12 La compétence domi ayant, depuis un temps immémorial, sa limite à la première borne milliaire des routes (I, 77, note 4 (78, note 2)), Rome n'ayant plus, d'autre part, de territoire depuis la guerre sociale (VI. 2, p. 430), et, au moins sous le rapport de la compétence judiciaire, le crime commis en deçà de la première borne milliaire étant regardé comme accompli à Rome, tandis que celui commis au-delà était regardé comme accompli dans un des municipes limitrophes (VI, 2, p. 470, note 2), il faut que la Rome d'Auguste ait eu sa limite à cette borne milliaire et seulement à elle. — Les mille pas sont comptés comme on sait en partant des portes de la muraille de Servius; il faut donc se figurer les bornes milliaires ainsi fixées comme réunies par des lignes transversales pour obtenir le territoire de la ville.
13. Sur la base dédiée à Hadrien en l'an 133 par les magistri vicorum urbis regionum XIIII, on trouve indiqué à la tête de chaque région un ou deux curateurs de la classe des affranchis. Chaque région a encore deux curatores dans la description de la ville du temps de Constantin et les deux personnes par la cura desquelles une chapelle de carrefour est restaurée sous Alexandre Sévère (Eph. ep. IV, u. 746) ne peuvent par conséquent pas non plus être autre chose. Il ne faut pas confondre avec ces curatores plébéiens, le conseil du préfet de la ville composé par Alexandre Sévère d'un consulaire par région (p, 363, note 3), bien que ses membres soient aussi appelés curatores regionum.
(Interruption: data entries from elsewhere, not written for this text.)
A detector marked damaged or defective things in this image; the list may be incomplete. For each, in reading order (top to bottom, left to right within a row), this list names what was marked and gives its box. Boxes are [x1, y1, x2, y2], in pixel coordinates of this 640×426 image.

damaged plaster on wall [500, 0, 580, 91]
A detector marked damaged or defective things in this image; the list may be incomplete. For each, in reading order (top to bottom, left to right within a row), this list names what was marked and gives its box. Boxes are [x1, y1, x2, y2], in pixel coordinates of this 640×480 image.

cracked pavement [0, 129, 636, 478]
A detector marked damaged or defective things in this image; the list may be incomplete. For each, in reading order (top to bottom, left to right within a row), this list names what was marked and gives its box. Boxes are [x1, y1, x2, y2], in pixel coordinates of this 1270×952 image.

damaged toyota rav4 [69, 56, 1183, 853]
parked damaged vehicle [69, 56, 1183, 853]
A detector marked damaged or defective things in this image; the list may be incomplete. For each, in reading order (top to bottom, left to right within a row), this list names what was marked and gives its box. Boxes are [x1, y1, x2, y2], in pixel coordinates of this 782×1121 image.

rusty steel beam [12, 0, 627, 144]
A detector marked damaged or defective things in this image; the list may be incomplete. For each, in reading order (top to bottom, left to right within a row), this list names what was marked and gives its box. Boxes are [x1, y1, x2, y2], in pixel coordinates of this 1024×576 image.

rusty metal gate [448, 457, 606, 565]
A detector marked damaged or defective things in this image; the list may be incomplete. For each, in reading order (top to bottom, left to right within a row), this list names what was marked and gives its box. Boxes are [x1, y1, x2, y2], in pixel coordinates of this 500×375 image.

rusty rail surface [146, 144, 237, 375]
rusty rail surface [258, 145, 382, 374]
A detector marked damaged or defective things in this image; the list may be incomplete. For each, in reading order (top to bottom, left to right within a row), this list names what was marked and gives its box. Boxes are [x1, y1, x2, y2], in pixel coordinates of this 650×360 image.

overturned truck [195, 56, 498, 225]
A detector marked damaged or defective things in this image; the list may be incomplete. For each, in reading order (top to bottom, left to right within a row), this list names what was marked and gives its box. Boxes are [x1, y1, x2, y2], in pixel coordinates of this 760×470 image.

14. L'idée suggérée par la base d'Hadrien, selon laquelle les magistrats directeurs n'auraient plus existé à son époque, est devenue une certitude, grâce à la découverte faite à Rome, il y a quelques années, d'une inscription dédiée en l'an 223 par les magistri vicorum reg(ionis) VIII (per) C. Julium Paternum præf(ectum) vigil(um) (Eph. ep. IV, n. 746); puisque le præfectus vigilum y occupe la place des directeurs antérieurs. Cf: p. 360, note 3.